Take rising senior Bryant Alvarado, who saved up $3,0
00 through the program and an off-campus job to buy a car. Although LaSalle teaches students to eschew credit cards except for emergencies and a few credit-building transactions, Alvarado decided to try one out for himself. Soon, the student had amassed around $1,000 in trivial purchases on his card.

“I learned that a credit card gives you freedom—sometimes a little too much,” Alvarado says. “You have to be responsible, and you can’t use it on everyday expenses because it racks up before you notice it.”

Overall, the class has changed how Alvarado thinks about money. 

“Before the class, I just thought money bought you stuff,” he says. “After the class, the same thing—but how you acquire it is different. Making an investment in homes isn’t as effective as the stock market. And having multiple sources of income or securities is a good way to build wealth.”

After graduation, Alvarado is hoping to attend Penn State. He’s also set a savings goal for himself: put away $10,000 to $15,000 in the next few years so that he’ll be in a good position to buy his own place when he strikes out on his own. After that? His dream is to work on Wall Street. 

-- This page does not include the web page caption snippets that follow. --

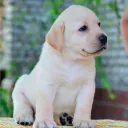 safirox. avatar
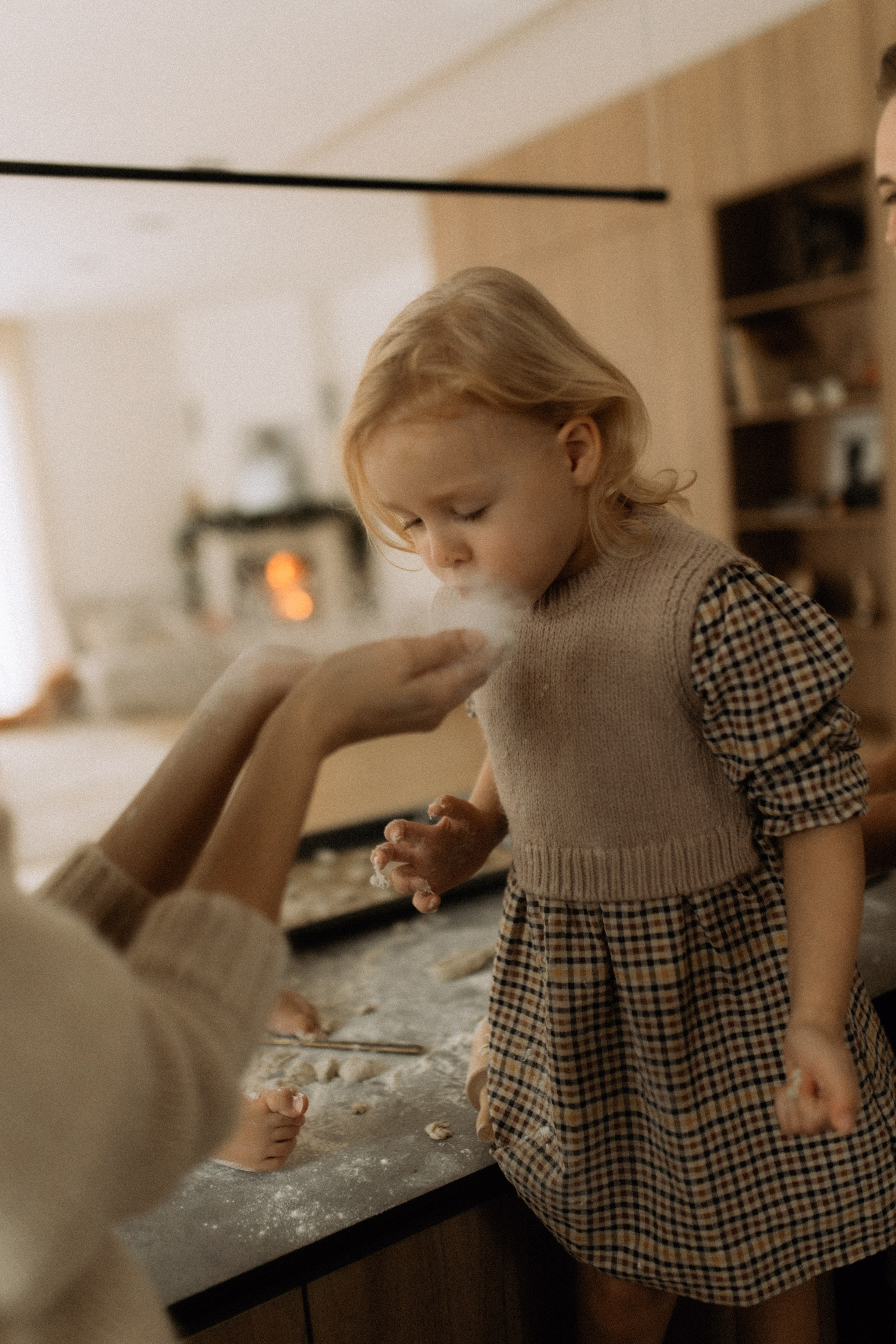 Šventinė šeimos fotosesija | NAMAI. Vestuvių ir šeimų fotografė Lena Bondarenko / belove photo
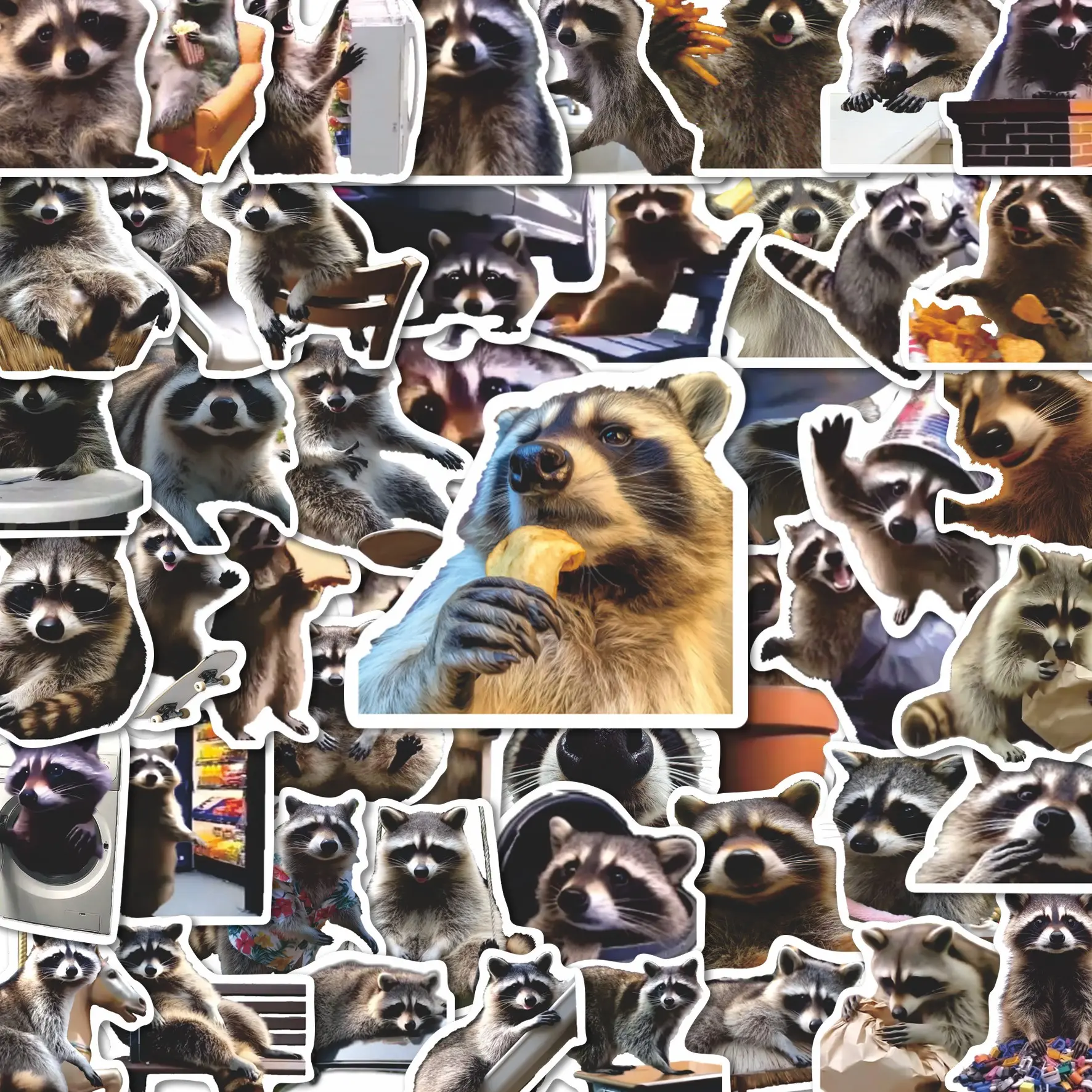 50Pcs Funny Raccoon Meme Faces Stickers Pack, Waterproof Hilarious Realistic Raccoon Meme Vinyl Decals for Water Bottle, Laptop, Phone Case & Scrapbook, Meme & Animal Lover Gift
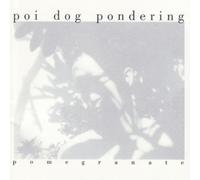 Poi Dog Pondering - pomegranate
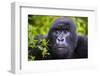 Mountain Gorilla (Gorilla Beringei Beringei), Virunga National Park, Rwanda, Africa-Michael Runkel-Framed Photographic Print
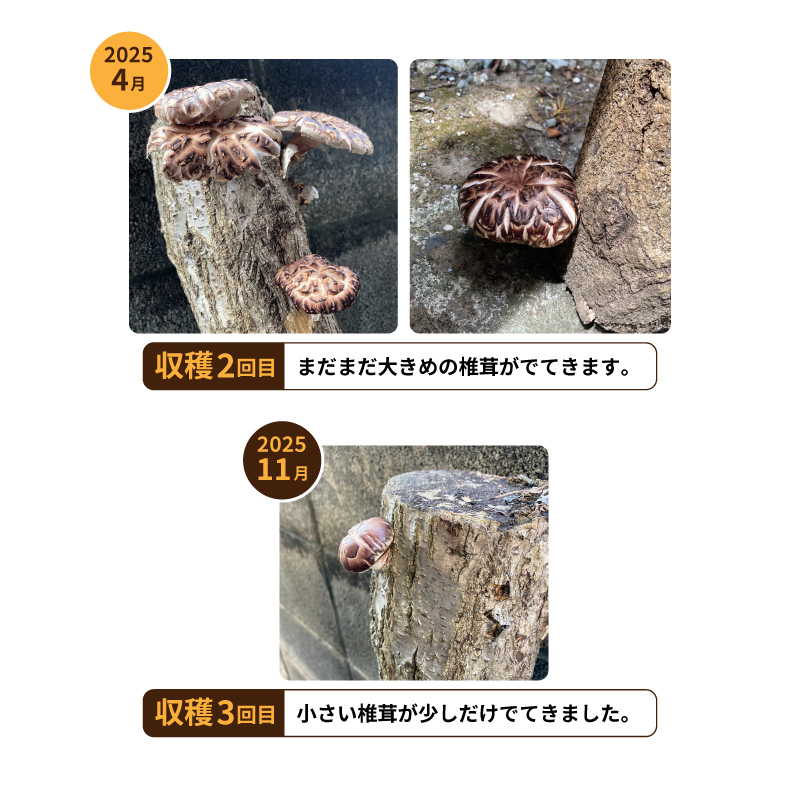 原木椎茸　菌打ち済み　数量限定　70センチ　3本 山梨県産 しいたけ原木 3本セット 菌駒打ち済み おいしい椎茸栽培 安心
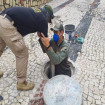 Imagem Destaque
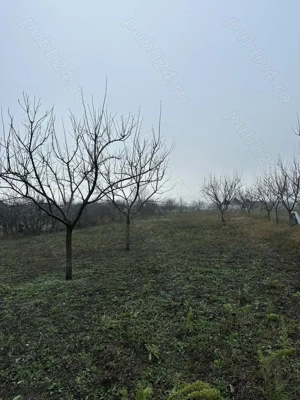 Vand loc de casa - imagine 4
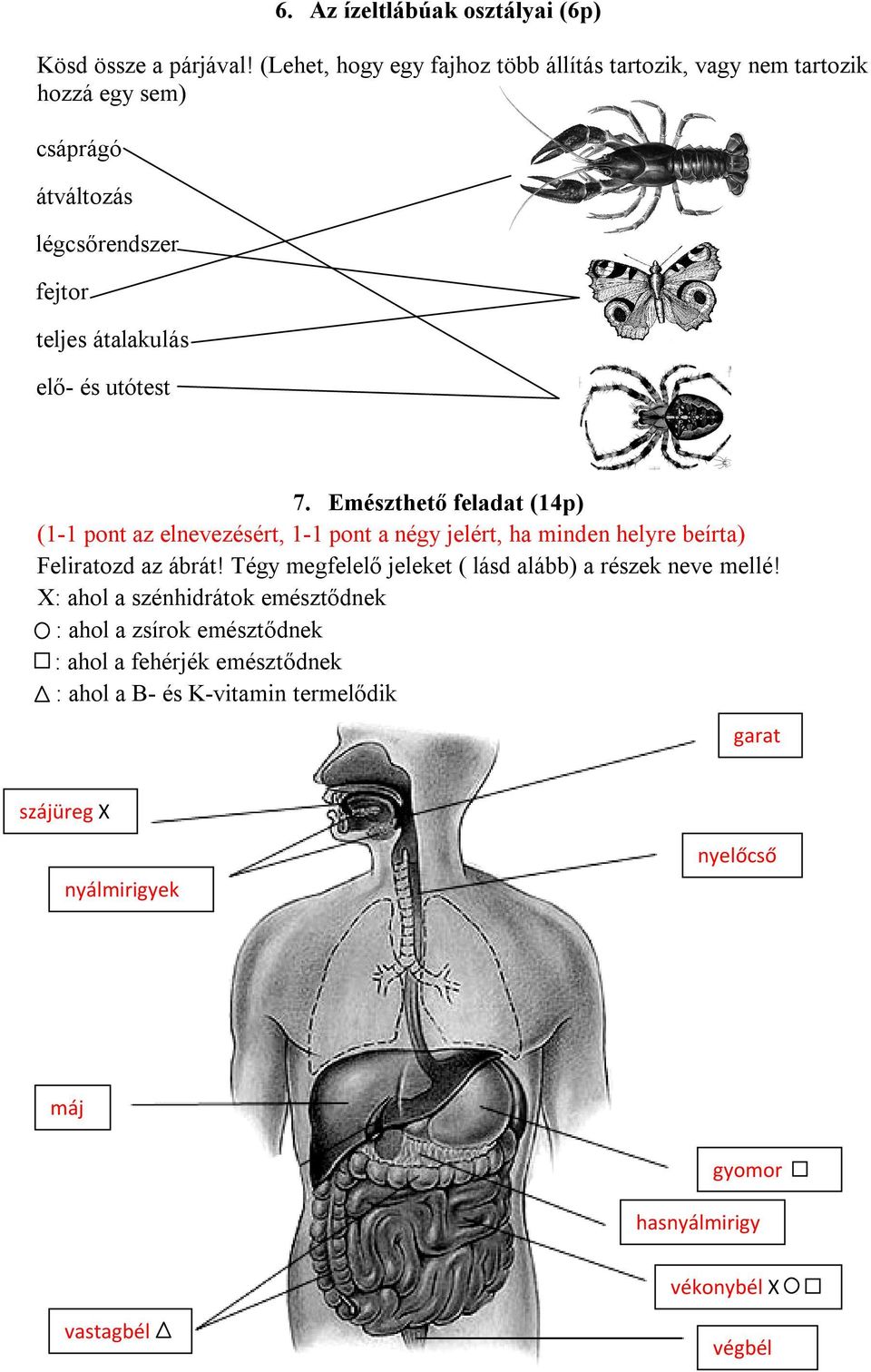 utótest 7. Emészthető feladat (4p) (- pont az elnevezésért, - pont a négy jelért, ha minden helyre beírta) Feliratozd az ábrát!
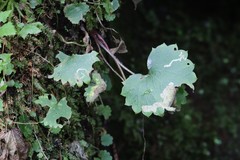 Micranthes manchuriensis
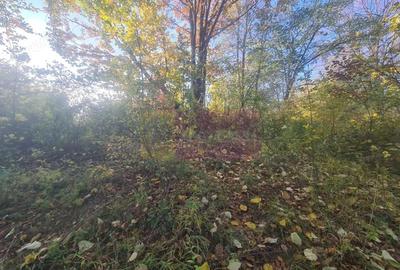 Teren de 3092 mp, în Telega - 10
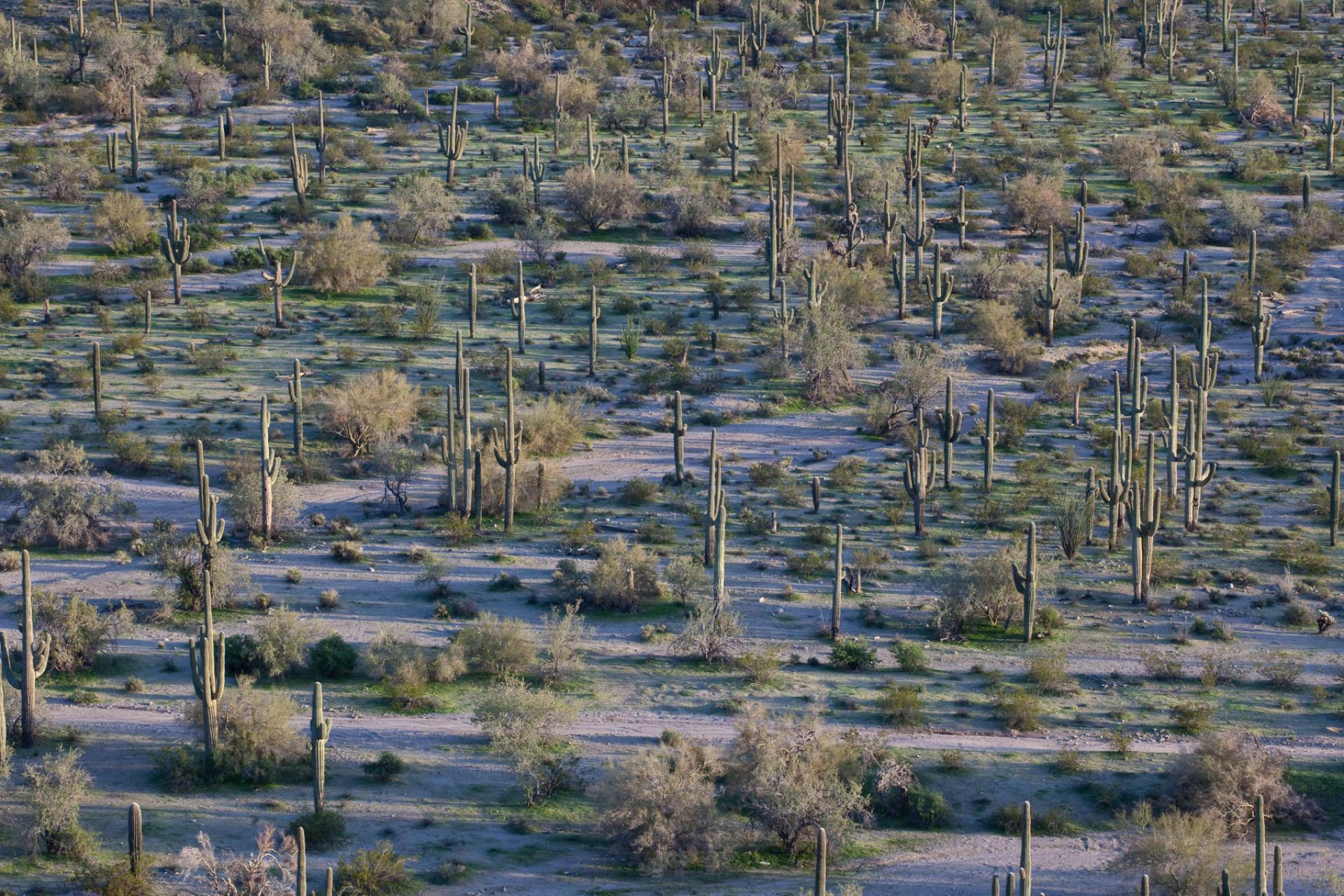 Sonoran Desert National Monument, Arizona.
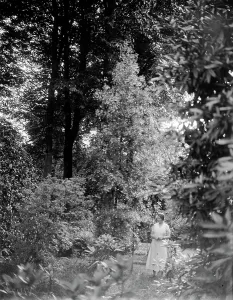Trewithen House, Probus, Cornwall. July 1935 Trewithen House, Probus, Cornwall. July 1935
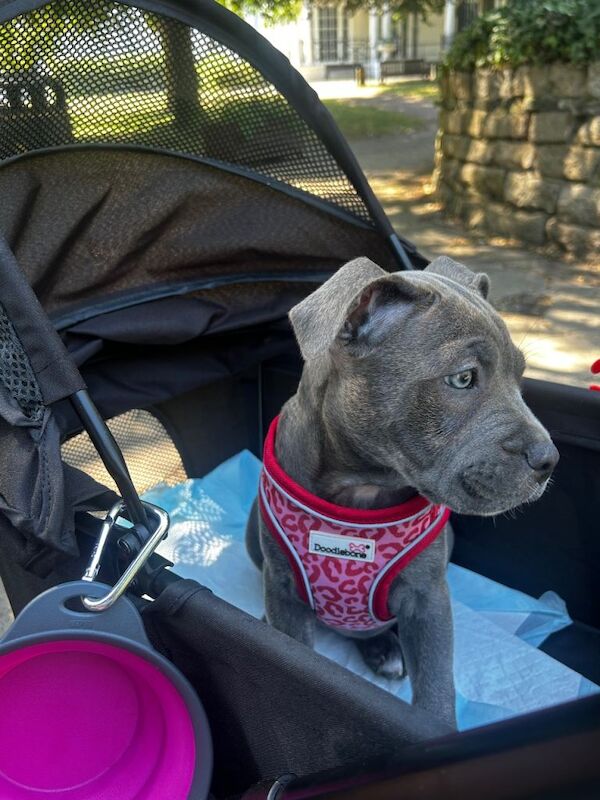 Staffordshire Bull Terrier Puppies For Sale Under £1,000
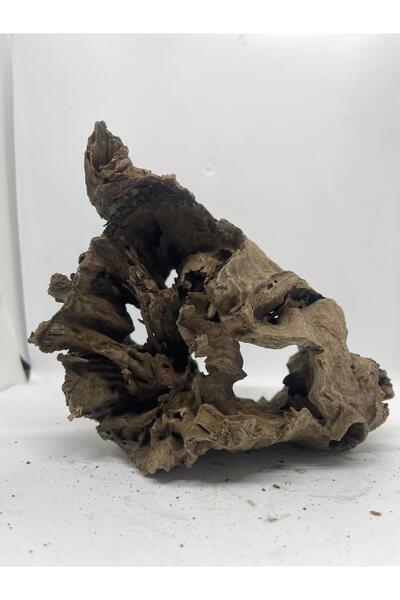 WODDY Stump Wood Akvaryum Kökü Medium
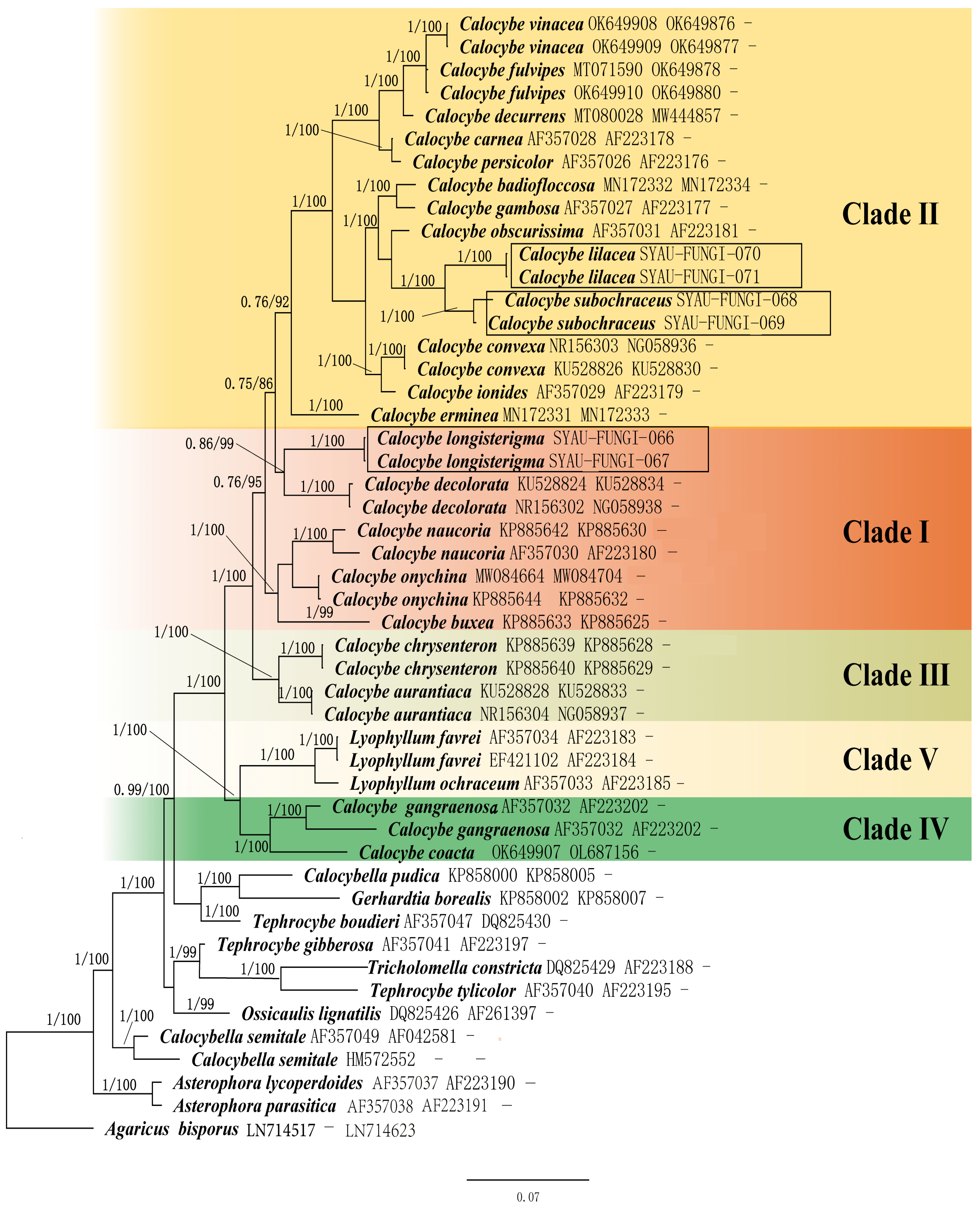 Diversity 14 00643 g001 Diversity 14 00643 g001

But first, Alvarado says, he’ll start by studying finance. The student plans to work with individuals and businesses on financial planning—helping folks with money grow their wealth and those without to get on the right path to financial freedom. 

All thanks to LaSalle’s class. 

“It’s helped me a lot,” he says. “It changed my perspective on the world, caused me to think more critically about money and life as a whole, planning ahead—all that good stuff.”